Lessons from Sun Tzu: Explaining Machine Learning

Vriddhi · ‎07-14-2021

All quotes that follow are from The Art of War by Sun Tzu.

Opinions are my own.

Thoughts are welcome in comments below.

If you found this useful and know folks who will too, give it a like and share on social media. Thanks!

“He who knows when he can fight and when he cannot will be victorious” - Sun Tzu, The Art of War

The underlying mathematics of machine learning models is sometimes hard even for practitioners to explain to each other. Explaining how these models work to business users is what our friends in computer programming would probably call a “non-trivial problem”.

We’ve all ducked these curve balls in our own way. Here I share how I respond to them, with a little bit of help from a 1500 yrs old ancient Chinese military treatise. Please throw in comments on whether you agree, disagree or would respond to your customers differently. I’m sure this is a teacup waiting for its raucous storm.

What the customer asks…

Can we use machine learning to solve this?

“In the midst of chaos, there is also opportunity”

Far too often I have witnessed the force fitting of ML to a problem because well, FOMO. If a simple rule solves the problem then you don’t need ML. If the rule needs to be learnt and cannot be supplied upfront, then you need ML. Identify a business area that could do with help, identify a specific problem that needs solving, ask if ML can provide an answer.

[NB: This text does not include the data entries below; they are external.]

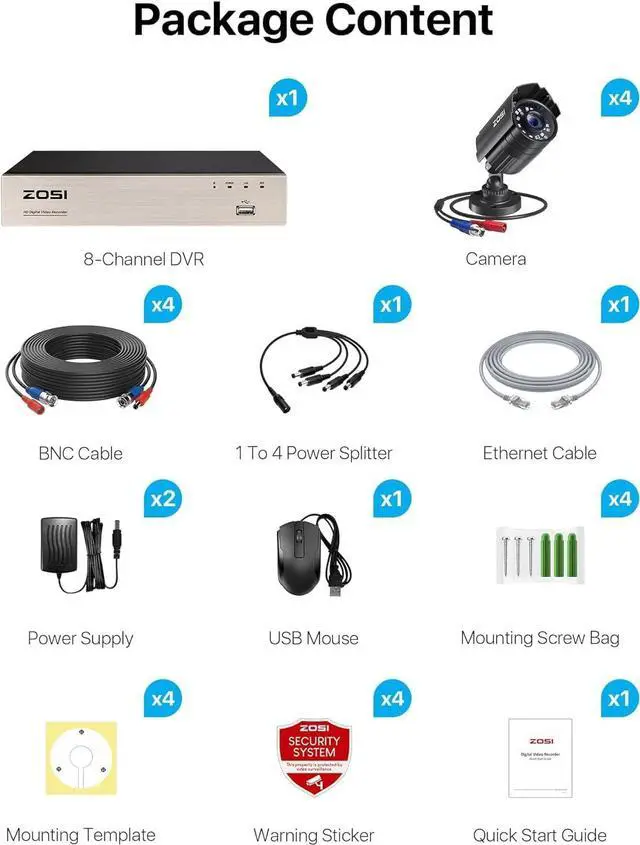 Alt view image 2 of 7 - Gadpiparty ZOSI 8CH 1080P Wired Security Camera System Outdoor with 1TB Hard Drive H.265+ 8CH 5MP Lite HD-TVI Video DVR Recorder with 4X HD 1920TVL 1080P CCTV Cameras,Motion Alert,Remote Access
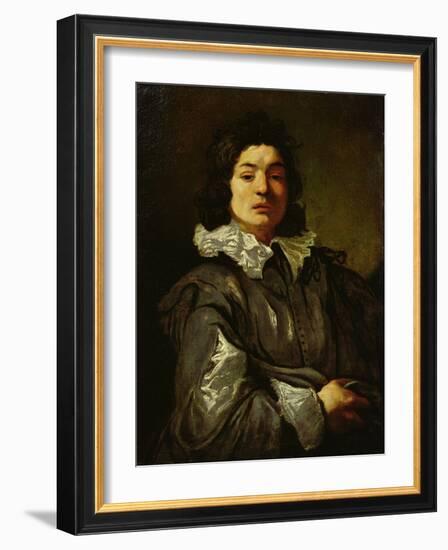 Portrait of a Man (Oil on Canvas)-Claude Vignon-Framed Giclee Print
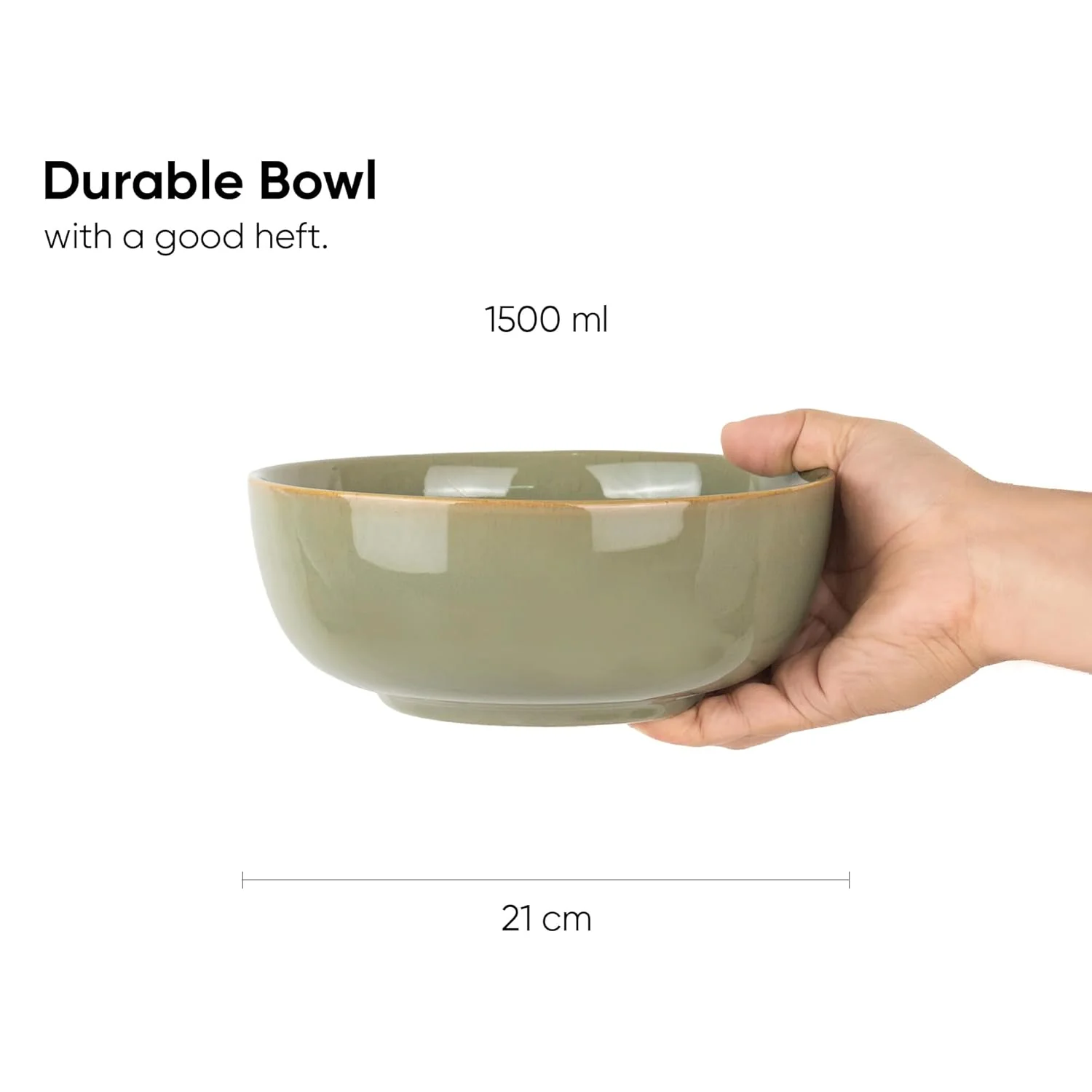 Ceramic Large Bowl, 1500ml - 21cm, 1 Piece, Pistachio Green | Stoneware Ceramic Serving Bowls - Ceramic Bowl With Glossy Finish | Pasta Serving Bowl - Microwave Safe & Dishwasher Safe - Image 5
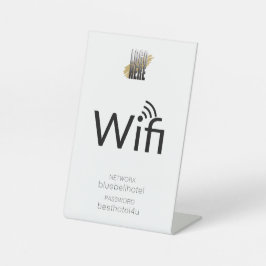 Simple Business Logo WiFi Password Network Reclamebord Met Voetstuk
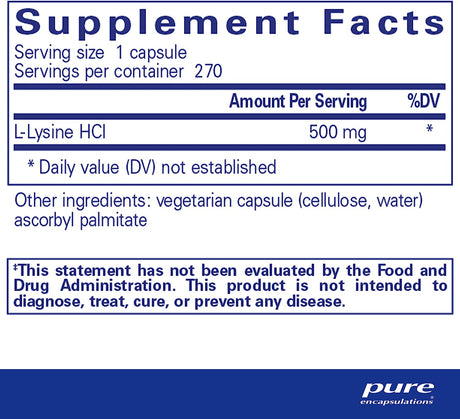 Pure Encapsulations L-Lysine 270 Capsulas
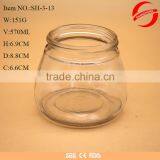 570ML 19OZ Fat Body Glass Jam Jars With Lids For Sale thumbnail-2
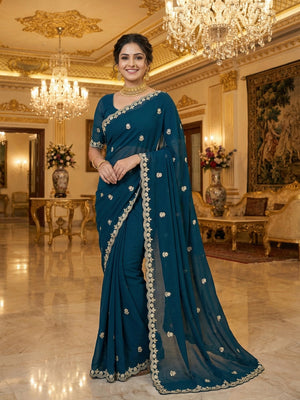 Elegant Blue Georgette Saree Embellished With Floral Zari Embroidery & Intricate Moti Work - Image 1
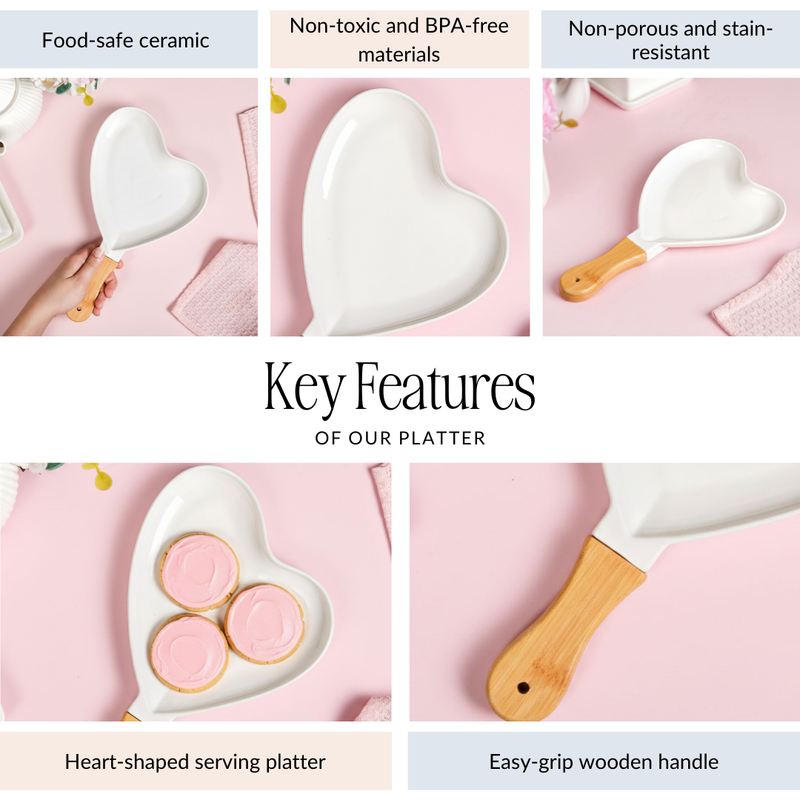 Heart Ceramic Serving Platter With Wooden Handle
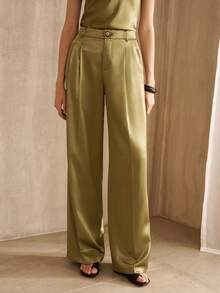 MOTF PREMIUM WOMEN'S SATIN TEXTURED SUIT PANTS, FASHION COMMUTE, AUTUMN/WINTER - Green - View 7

Do not go backwards on this list.

I don’t have data, can you build a model anyway?

“Even the finest sword plunged into salt water will eventually rust.”

Yes, but we have to be prepared for the fact that the results may not necessarily be aligned to your business. For a logistics company that needs to identify damaged packages on its conveyor belt, we can train with labelled images batch downloaded from the net. With the sample data we can establish a possibility that this approach could save the human manning the conveyor belt some time. But we can’t be sure that this model would work just the same on the shop floor, unless we fit a camera over the conveyor belt and get the actual images, with its uniquely personal flaws of lighting, angle and jitter. Only a model trained on these images can give you a true sense of whether it might eventually work. Still, for some use cases a proof of concept can be established without actual data, if very similar data is available.

I have data, can you predict?

“He who wishes to fight must first count the cost”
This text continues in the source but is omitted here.